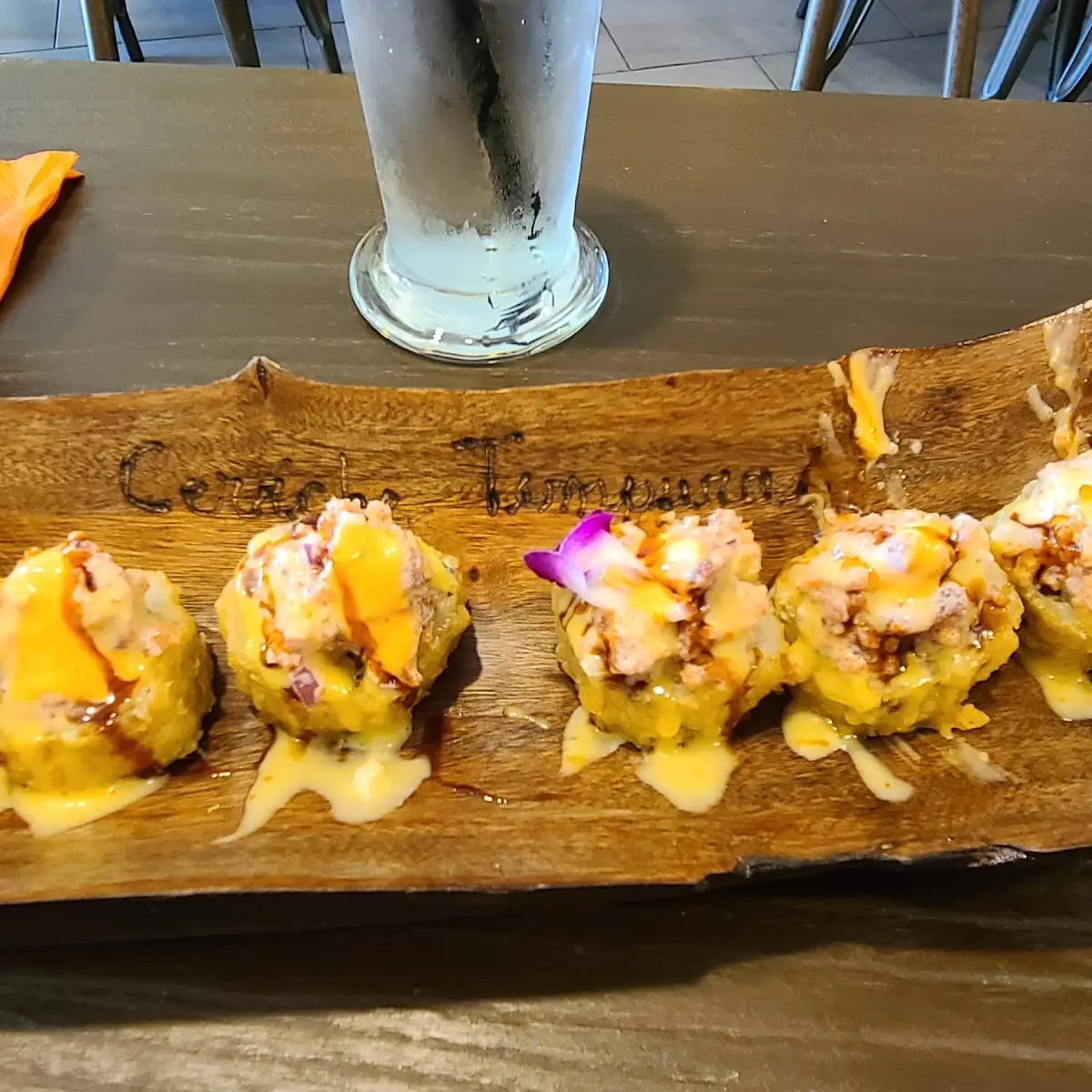 Salmon Tempura Roll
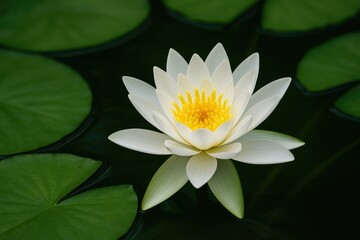 The beauty of water lilies as a beloved aquatic plant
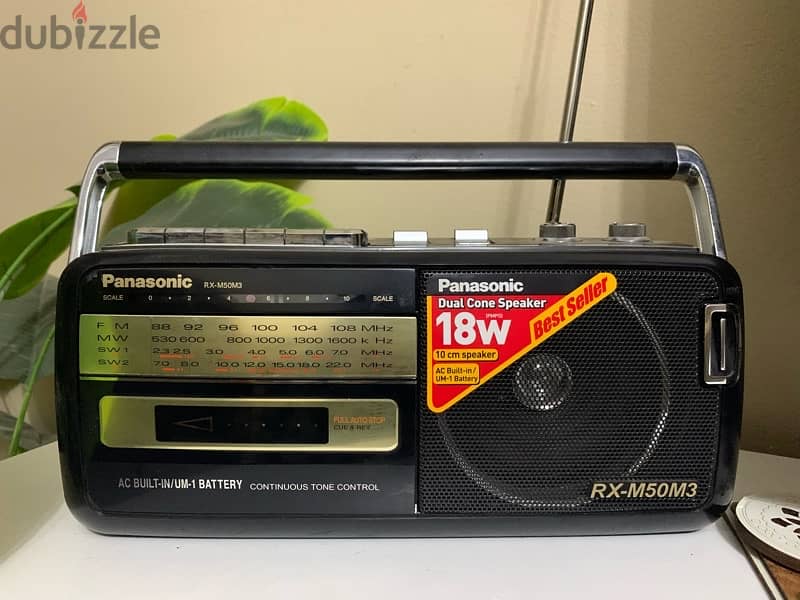 راديو و كاست Panasonic 0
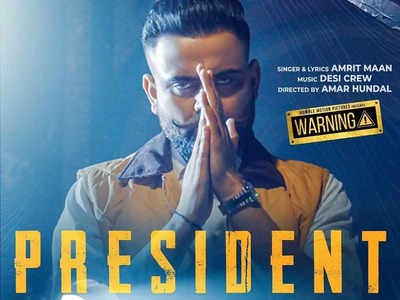 President: Amrit Maan to croon the first song of ‘Warning’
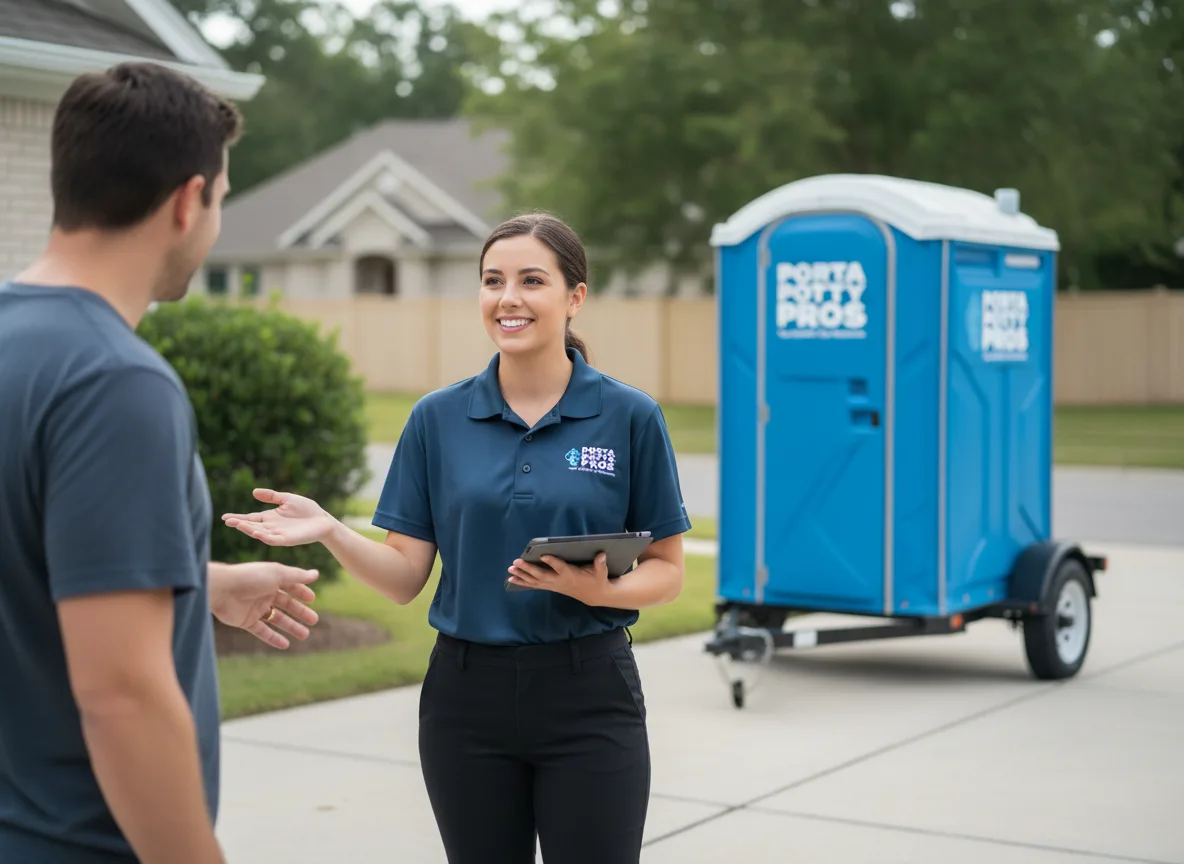 Porta Potty Rental Barnesville, MN FAQs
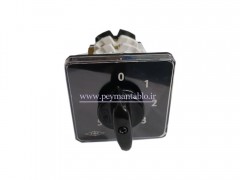 سلکتور یک پل پنج حالته (5-4-3-2-1-0) با صفر 25 آمپر تک فاز ،TRS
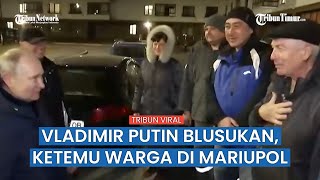 Vladimir Putin Berkunjung ke Mariupol, Ada Apa?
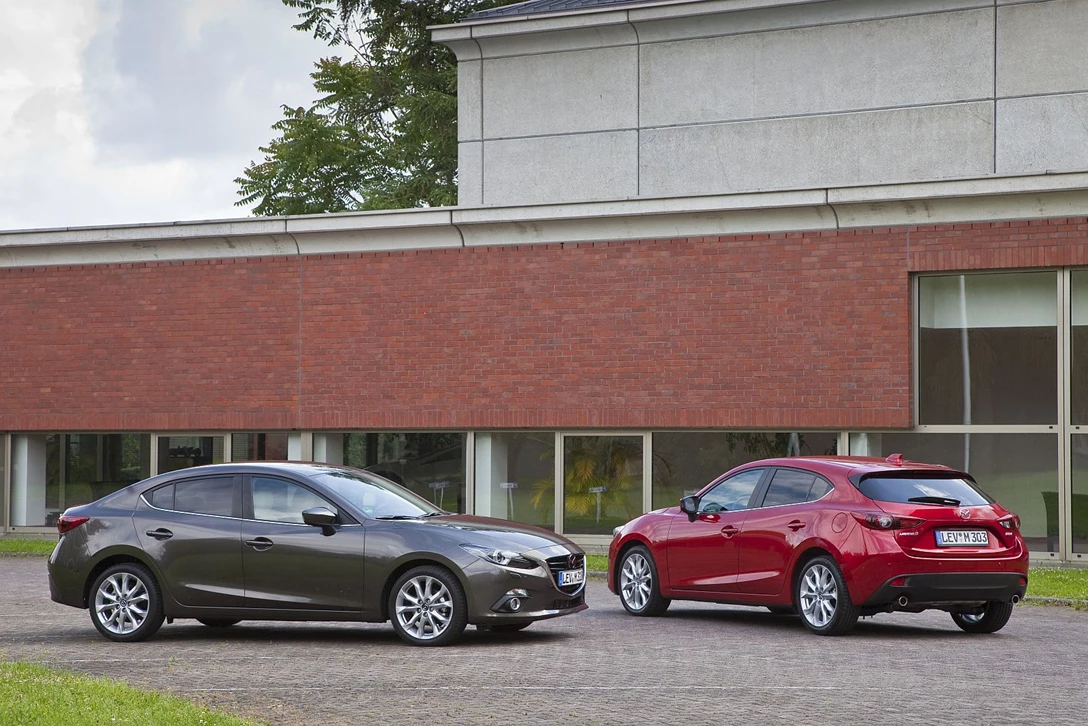 מאזדה 3 החדשה (2013)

What needs to be done: Copy the lines from the line that contains "سلکتور یک پل" through the end of the records, exactly and with nothing added; leave the pictures out.

Reply to the exercise:
 سلکتور یک پل پنج حالته (5-4-3-2-1-0) با صفر 25 آمپر تک فاز ،TRS
 Vladimir Putin Berkunjung ke Mariupol, Ada Apa?
 מאזדה 3 החדשה (2013)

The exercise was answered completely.